Grupo esse que, invariavelmente, tem em comum, também, uma certa proveniência "micro- lisboeta", uma capacidade económica considerável, independentemente até do trabalho (bom ou mau) efectivamente exercido e, last but not the least, a interessante coincidência de serem todos familiares ou parentes, mais ou menos chegados, de alguém que também desempenhou funções e ocupou cargos, no mínimo, tão decisivos (e de poder), ao longo de várias eras da nossa história contemporânea - "atravessando" reiteradamente vários regimes - desde a Monarquia Constitucional, passando pela implantação da República, sobrevoando o Estado-Novo e chegando ao pós-"25 de Abril".
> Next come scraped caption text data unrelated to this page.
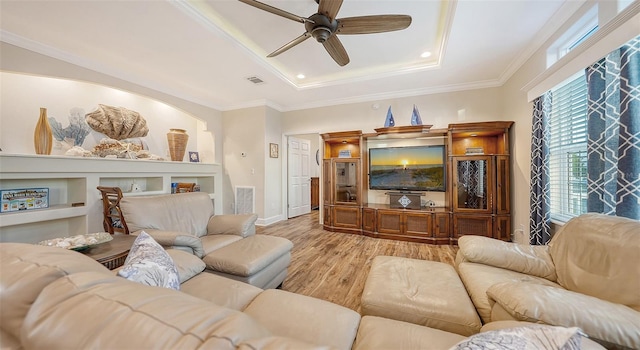 living room with crown molding, light hardwood / wood-style floors, a tray ceiling, and ceiling fan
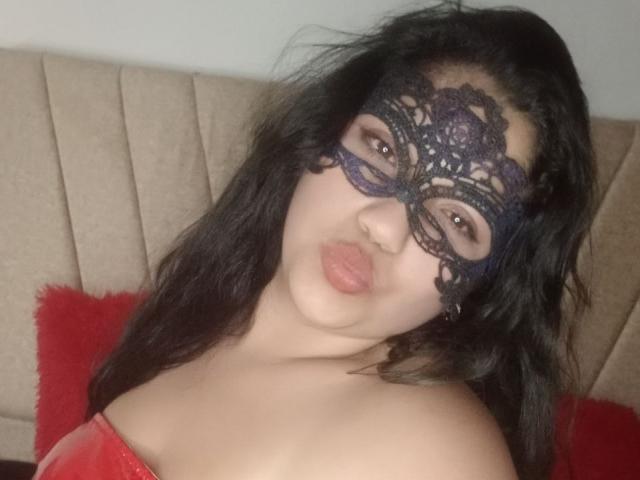 SallomeHotty with black lace mask, pouty lips, and dark wavy hair, wearing red off-shoulder top, showing her bare shoulders and upper chest, looking sexy.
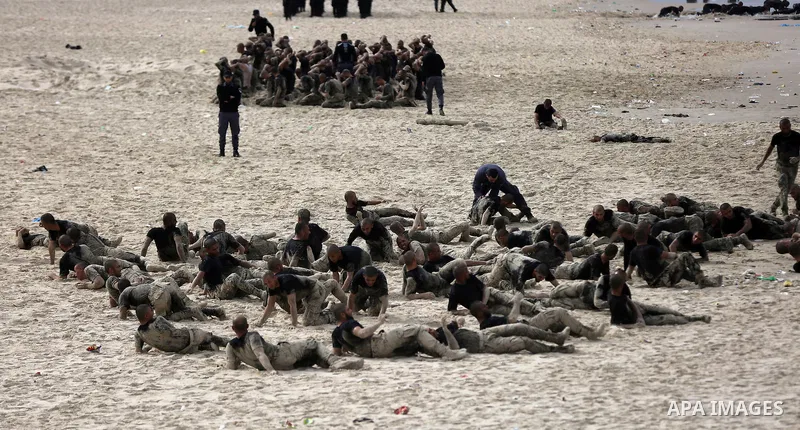 Members of Palestinian National Security Forces loyal to Hamas take part during a military training program, at the beach of the Mediterranean sea on the coast of Gaza city, on January 26, 2017. Photo by Yasser Qudih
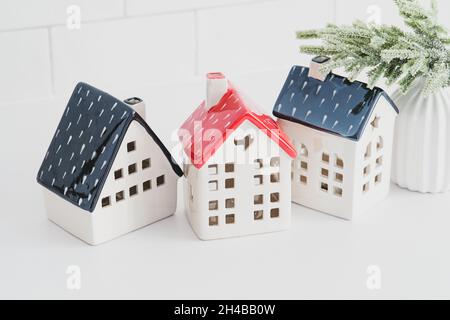 Skandinavischer Stil Weihnachten Heimdeko-Set. Dorf von keramischen Häusern und Tannenzweig auf weißem Tisch. Stockfoto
Curioso e enigmático era o facto - dizia tal académico sempre "presente" nesta conversa - de nunca nenhum sociólogo, historiador ou mesmo jornalista ter desenvolvido e clarificado (comprovado, acrescentaria eu) estas teses. No fundo, nunca ninguém tenha "pegado" nesta possível radiografia das elites - aparentemente, estáveis e muito pouco permeáveis à renovação - do poder em Portugal...

in Blasfémias


Publicado por Manuel 02:51:00  

4 Comments:

  1. Luís Bonifácio said...
    Um destes exemplos é a familia "Pacheco Pereira", andam pelos corredores do poder há mais de 500 anos
    josé said...
    Análise interessante. Cheia de buracos, porém, que lhe retiram coerência- e ainda bem. Seria terrível concluir que andamos há anos e anos numa espécie de monarquia feudal sem rei nem roque, só com duques e almocreves.

    O Pacheco parece-me destes últimos, embora com uma função muito diferente de outro notório almocreve: Dias Loureiro.
    Mas que não me levem a mal, pois nessa escala social, melhor ser almocreve do que palerma, como eu.
    Anónimo said...
    Também tenho escrito sobre o assunto, mas não se mudam as figuras, sem mudar o sistema.
    António Balbino Caldeira said...
    Também tenho escrito sobre o assunto, mas não se mudam as figuras, sem mudar o sistema.